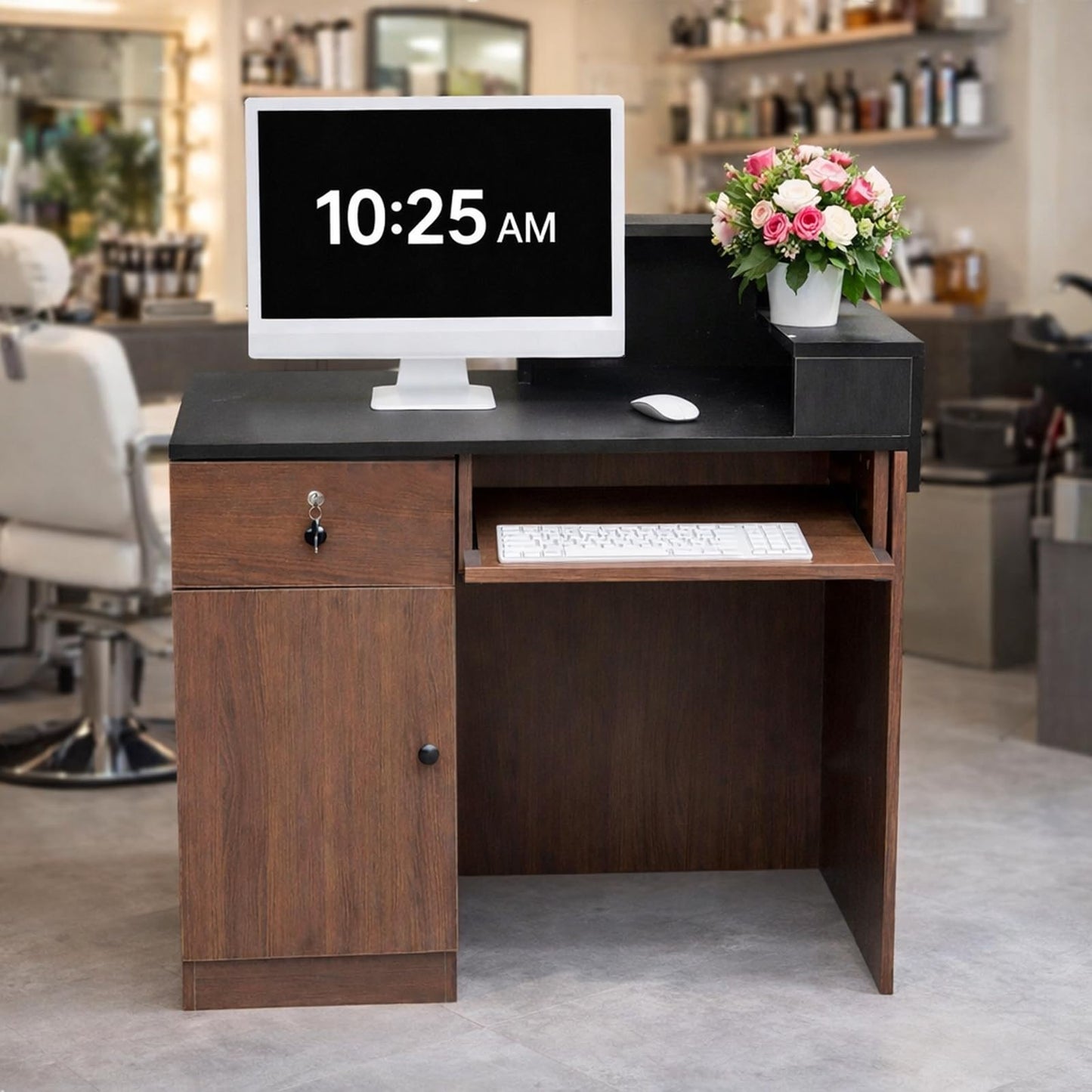 Modern Reception Desk with Storage Drawer & Counter Shelf, 39.4" Front Counter Reception Table for Office, Salon, Lobby, Retail Store (Walnut, Left Table)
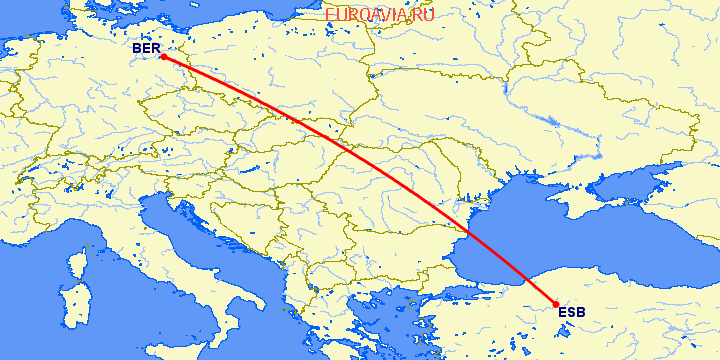 перелет Берлин — Анкара на карте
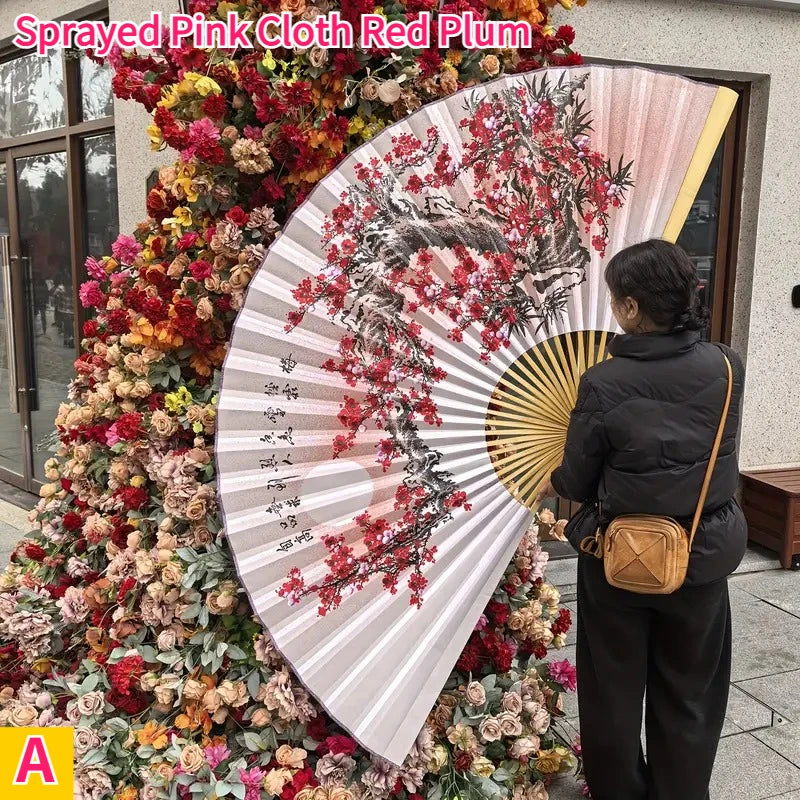 Leques mão dobrável desdobre, 63 Pol.160cm / 35.4 Pol.*90cm, Dobrável Cor Vermelho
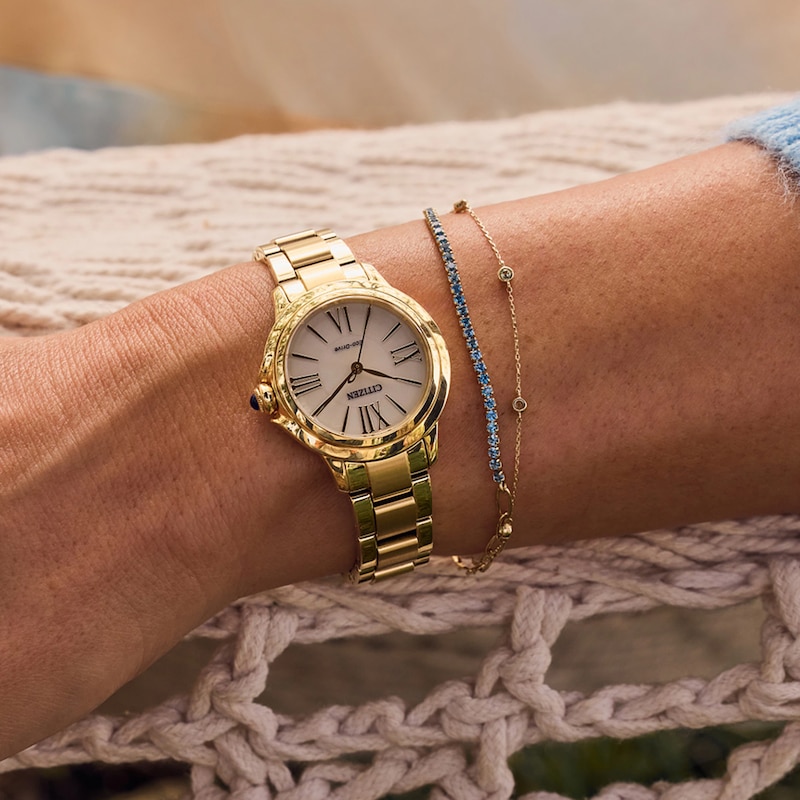 Main Image 4 of Ladies’ Citizen Eco-Drive® Dress Classic Ceci Gold-Tone IP Watch with White Dial (Model: EM1162-52A)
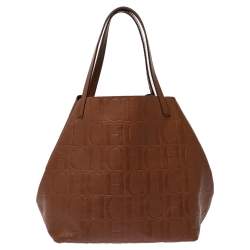 Pre Owned Carolina Herrera Brown Monogram Leather Matryoshka Tote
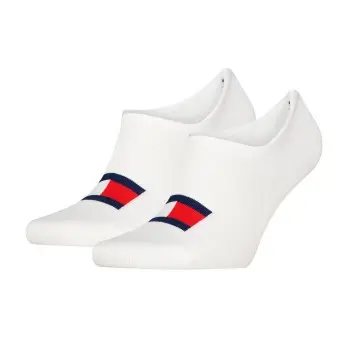 Tommy Hilfiger Tommy Uni TJ Flag Footie Socks Strømper 2P Hvit Str 39/42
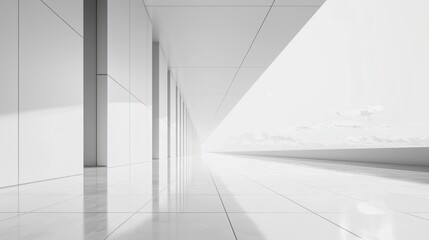 Fototapeta premium A white corridor with a glass wall on the right side, featuring a modern architectural design.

§ Work instruction
Although the records above contain pictures, the copy should not; retype exactly the lines from the one containing "перелет Берлин — Анкара на карте" through the one containing "Pre Owned Carolina".

§ Task output
 перелет Берлин — Анкара на карте
 Leques mão dobrável desdobre, 63 Pol.160cm / 35.4 Pol.*90cm, Dobrável Cor Vermelho
 Main Image 4 of Ladies’ Citizen Eco-Drive® Dress Classic Ceci Gold-Tone IP Watch with White Dial (Model: EM1162-52A)
 Pre Owned Carolina Herrera Brown Monogram Leather Matryoshka Tote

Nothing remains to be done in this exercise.